Existenzielles Zwinkern ist die Fähigkeit, mit Schwere und Ernst zu sprechen, aber die Tür für die Menschlichkeit offenzulassen: Ich meine das alles genau so, aber wir reden ja nur. Existenzielles Zwinkern ist das Versprechen, experimentieren zu können, am Ende aber, wenn es darauf ankommt, einfach nur ein guter Kerl zu sein. Das ist das unhaltbarste Versprechen überhaupt, unter den Bedingungen der allmählichen Verfertigung der Gedanken beim Reden, man liest und schreibt und redet sich ja doch jedesmal hinein in irgendeinen Schwachsinn und schon ist das Zwinkern nichts gewesen als ein raffiniertes Täuschungsmanöver. — das ist Schwäche, und wie das ist mit Schwäche: Kennenlernen, aushalten, sich verhalten dazu.

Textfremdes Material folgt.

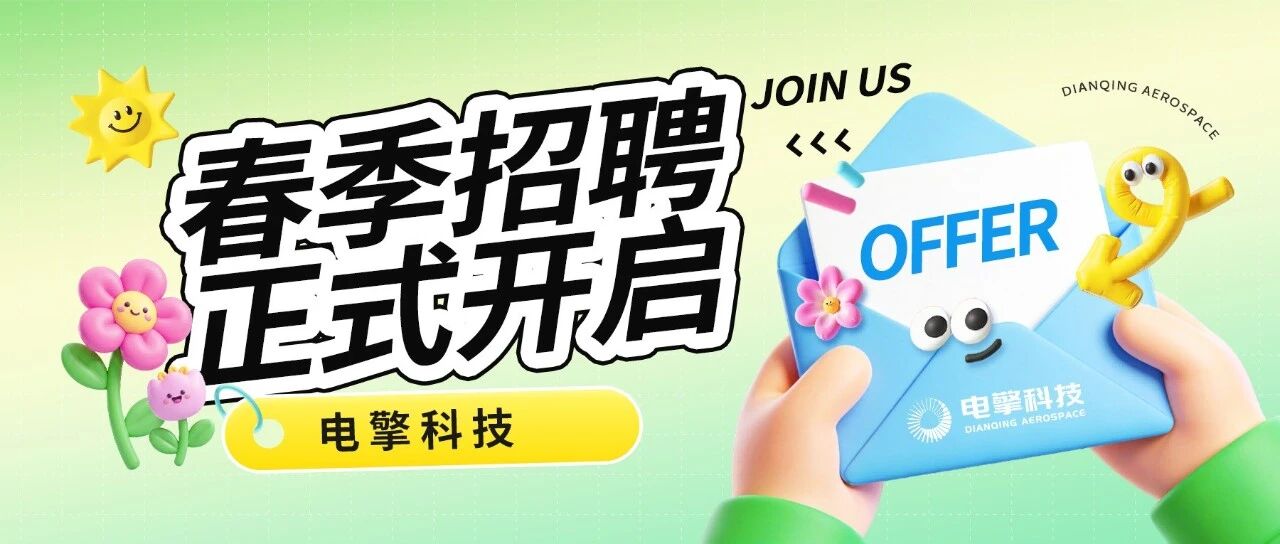 电擎科技2026春季招聘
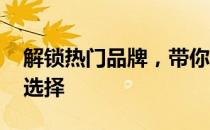 解锁热门品牌，带你了解4K平板电脑的多样选择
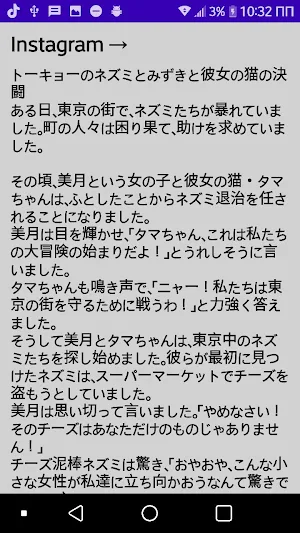 The Duel of Tokyo's - 東京の決闘 Screenshot 1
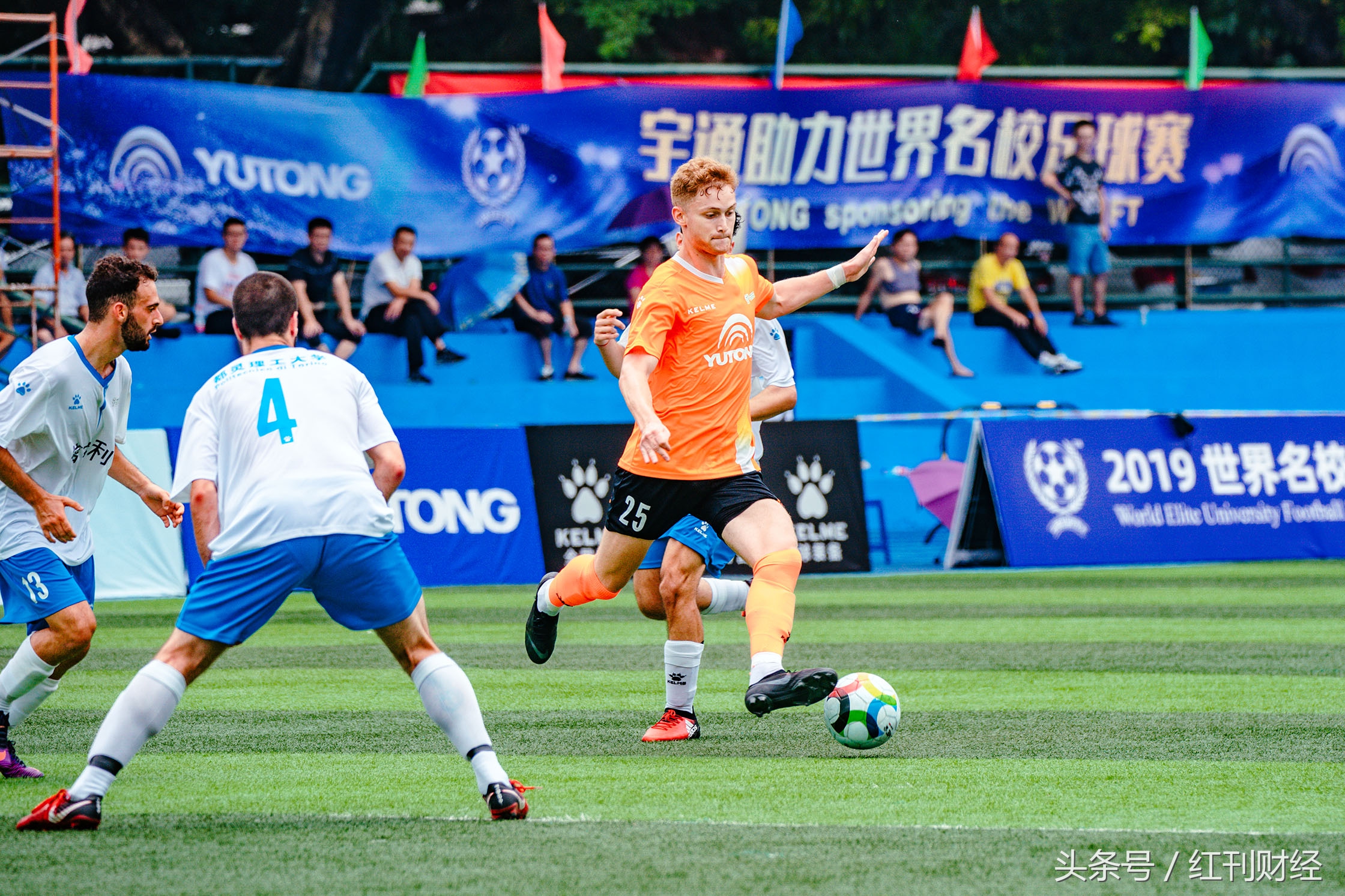 名校足球比赛,名校和红星的足球比赛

Ohne das Zwinkern könnte man jedenfalls überhaupt nur noch verschwinden, oder sich auf Themen beschränken, die so absurd sind, daß keine Gefahr besteht, jemanden dafür zu interessieren und Verantwortung übernehmen zu müssen für das, was man in den Köpfen fremder Menschen denkt.

[Erträglichsein, oh höchste Kunst // Variationen über das Thema „Maul halten im Allgemeinen“]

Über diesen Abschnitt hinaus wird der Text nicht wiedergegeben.